You can see that the scarf joint is not made yet.
After the glue is set, I peel back the end of the leather and cut the other side of the scarf joint. I cut this one a bit short because the belt usually stretches when clamped, but I was a bit too short (see later).
Apply more of the 3M 90 glue and clamp. It looks like a pretty good scarf joint (but see later). This is the back side of the disk.
And this is the front side of the disk. The knife points to the joint.
I'm now ready to mount it on my lathe for trimming but the
leather sticks back too far and hits my motor.

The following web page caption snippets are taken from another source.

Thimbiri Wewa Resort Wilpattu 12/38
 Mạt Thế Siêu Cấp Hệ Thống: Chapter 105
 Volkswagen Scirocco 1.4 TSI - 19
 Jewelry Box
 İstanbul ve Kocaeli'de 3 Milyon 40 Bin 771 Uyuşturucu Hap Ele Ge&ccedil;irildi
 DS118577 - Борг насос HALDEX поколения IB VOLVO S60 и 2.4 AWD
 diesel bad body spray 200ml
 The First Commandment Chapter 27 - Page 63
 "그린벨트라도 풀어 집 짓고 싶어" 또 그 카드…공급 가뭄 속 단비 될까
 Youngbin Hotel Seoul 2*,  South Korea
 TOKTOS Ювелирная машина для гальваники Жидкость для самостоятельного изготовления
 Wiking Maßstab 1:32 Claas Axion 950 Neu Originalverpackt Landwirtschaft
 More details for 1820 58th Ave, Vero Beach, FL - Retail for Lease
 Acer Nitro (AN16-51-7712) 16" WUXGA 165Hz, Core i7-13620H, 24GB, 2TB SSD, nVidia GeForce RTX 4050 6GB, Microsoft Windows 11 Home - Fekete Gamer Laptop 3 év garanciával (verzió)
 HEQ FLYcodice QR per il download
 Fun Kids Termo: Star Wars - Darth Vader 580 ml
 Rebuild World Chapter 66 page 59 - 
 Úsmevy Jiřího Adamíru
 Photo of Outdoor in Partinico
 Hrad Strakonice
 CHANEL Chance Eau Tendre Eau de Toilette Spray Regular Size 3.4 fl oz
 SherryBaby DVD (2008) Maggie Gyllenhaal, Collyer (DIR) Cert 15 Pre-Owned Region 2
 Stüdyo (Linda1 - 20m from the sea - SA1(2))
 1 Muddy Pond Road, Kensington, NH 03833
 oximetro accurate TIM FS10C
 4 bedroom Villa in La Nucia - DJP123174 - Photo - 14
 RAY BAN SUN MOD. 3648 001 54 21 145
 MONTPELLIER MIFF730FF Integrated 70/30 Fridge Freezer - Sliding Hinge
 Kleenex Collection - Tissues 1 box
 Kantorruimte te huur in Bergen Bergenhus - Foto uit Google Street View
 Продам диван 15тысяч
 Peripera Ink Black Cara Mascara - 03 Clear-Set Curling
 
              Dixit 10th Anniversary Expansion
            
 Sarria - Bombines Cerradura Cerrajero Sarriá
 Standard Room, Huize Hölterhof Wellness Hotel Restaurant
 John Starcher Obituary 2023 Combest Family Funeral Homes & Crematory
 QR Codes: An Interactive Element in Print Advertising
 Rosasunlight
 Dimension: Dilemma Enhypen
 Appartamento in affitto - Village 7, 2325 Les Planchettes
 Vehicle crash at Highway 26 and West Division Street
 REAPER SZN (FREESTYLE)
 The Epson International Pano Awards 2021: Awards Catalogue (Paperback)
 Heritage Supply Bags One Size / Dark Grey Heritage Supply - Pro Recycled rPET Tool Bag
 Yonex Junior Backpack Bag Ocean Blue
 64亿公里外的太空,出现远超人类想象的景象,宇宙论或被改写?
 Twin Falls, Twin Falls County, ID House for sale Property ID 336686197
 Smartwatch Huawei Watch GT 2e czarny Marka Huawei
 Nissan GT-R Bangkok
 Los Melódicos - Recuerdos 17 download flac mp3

I made a spacer of cardboard so the faceplate wouldn't
screw on fully.
I used the spacer and trimmed the leather sticking back until I could mount the disk without the leather hitting my electric motor. I also took a cut across the face of the leather to make sure it was flat. I didn't want my tool bouncing when I hone it.
You can see that the leather just clears the motor now. But a miss is as good as a mile.
In preparation for using the disk, I charge the leather with green honing compound. Note the joint. There's a small low spot at the joint but when I use the disk to hone, I can't feel any bounce in the tool - and that's what's important.
Note that I've turned the head of my lathe so that the disk is facing away from the rails. If your lathe head will not pivot, the best way to use this disk is to stand "behind" the lathe and use the top of the disk. You want the disk turning away from you - never put your carving tools "into" the direction of rotation of the disk.
BTW, the discoloration of the sandpaper comes from using lacquer thinner to clean the glue off the scarf joint. The thinner didn't hurt the sandpaper, but it discolored the area. I wasn't careful when I used it because I thought it would just evaporate away and not show.
And here's the disk in (pretend) action sharpening a V-tool. The leather sticking back on the disk is used to hone the inside of tools like this V-tool or gouges with lots of sweep.
And that's all there is to it. The disk and the leather will last a long time and will do an excellent job of honing your carving tools. And it's cheap to make - the most expensive component is the faceplate.